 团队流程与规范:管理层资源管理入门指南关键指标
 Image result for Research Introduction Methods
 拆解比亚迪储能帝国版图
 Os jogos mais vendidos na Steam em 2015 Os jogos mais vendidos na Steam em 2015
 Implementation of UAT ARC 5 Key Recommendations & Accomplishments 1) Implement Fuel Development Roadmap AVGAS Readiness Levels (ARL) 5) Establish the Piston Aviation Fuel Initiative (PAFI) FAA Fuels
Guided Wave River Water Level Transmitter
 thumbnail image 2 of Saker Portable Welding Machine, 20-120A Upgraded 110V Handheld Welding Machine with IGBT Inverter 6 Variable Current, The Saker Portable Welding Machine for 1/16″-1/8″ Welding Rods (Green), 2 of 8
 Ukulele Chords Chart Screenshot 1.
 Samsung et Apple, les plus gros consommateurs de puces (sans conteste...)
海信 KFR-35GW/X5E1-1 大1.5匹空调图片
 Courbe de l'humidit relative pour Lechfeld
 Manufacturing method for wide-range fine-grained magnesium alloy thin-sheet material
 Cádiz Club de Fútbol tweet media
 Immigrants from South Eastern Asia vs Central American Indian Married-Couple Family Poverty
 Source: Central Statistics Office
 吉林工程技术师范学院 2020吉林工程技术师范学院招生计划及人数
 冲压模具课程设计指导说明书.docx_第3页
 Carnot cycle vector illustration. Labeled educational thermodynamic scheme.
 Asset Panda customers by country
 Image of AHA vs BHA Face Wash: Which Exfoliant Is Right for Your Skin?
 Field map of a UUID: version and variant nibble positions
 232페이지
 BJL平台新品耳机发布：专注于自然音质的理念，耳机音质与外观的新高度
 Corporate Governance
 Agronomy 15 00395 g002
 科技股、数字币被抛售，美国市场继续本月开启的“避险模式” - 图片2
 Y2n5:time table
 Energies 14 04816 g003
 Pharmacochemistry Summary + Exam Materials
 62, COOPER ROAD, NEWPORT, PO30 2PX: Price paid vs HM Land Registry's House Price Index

## WHAT THE TASK REQUIRES
The complete listing is to be repeated word for word.

## RESULT
 团队流程与规范:管理层资源管理入门指南关键指标
 Image result for Research Introduction Methods
 拆解比亚迪储能帝国版图
 Os jogos mais vendidos na Steam em 2015 Os jogos mais vendidos na Steam em 2015
 Implementation of UAT ARC 5 Key Recommendations & Accomplishments 1) Implement Fuel Development Roadmap AVGAS Readiness Levels (ARL) 5) Establish the Piston Aviation Fuel Initiative (PAFI) FAA Fuels
Guided Wave River Water Level Transmitter
 thumbnail image 2 of Saker Portable Welding Machine, 20-120A Upgraded 110V Handheld Welding Machine with IGBT Inverter 6 Variable Current, The Saker Portable Welding Machine for 1/16″-1/8″ Welding Rods (Green), 2 of 8
 Ukulele Chords Chart Screenshot 1.
 Samsung et Apple, les plus gros consommateurs de puces (sans conteste...)
海信 KFR-35GW/X5E1-1 大1.5匹空调图片
 Courbe de l'humidit relative pour Lechfeld
 Manufacturing method for wide-range fine-grained magnesium alloy thin-sheet material
 Cádiz Club de Fútbol tweet media
 Immigrants from South Eastern Asia vs Central American Indian Married-Couple Family Poverty
 Source: Central Statistics Office
 吉林工程技术师范学院 2020吉林工程技术师范学院招生计划及人数
 冲压模具课程设计指导说明书.docx_第3页
 Carnot cycle vector illustration. Labeled educational thermodynamic scheme.
 Asset Panda customers by country
 Image of AHA vs BHA Face Wash: Which Exfoliant Is Right for Your Skin?
 Field map of a UUID: version and variant nibble positions
 232페이지
 BJL平台新品耳机发布：专注于自然音质的理念，耳机音质与外观的新高度
 Corporate Governance
 Agronomy 15 00395 g002
 科技股、数字币被抛售，美国市场继续本月开启的“避险模式” - 图片2
 Y2n5:time table
 Energies 14 04816 g003
 Pharmacochemistry Summary + Exam Materials
 62, COOPER ROAD, NEWPORT, PO30 2PX: Price paid vs HM Land Registry's House Price Index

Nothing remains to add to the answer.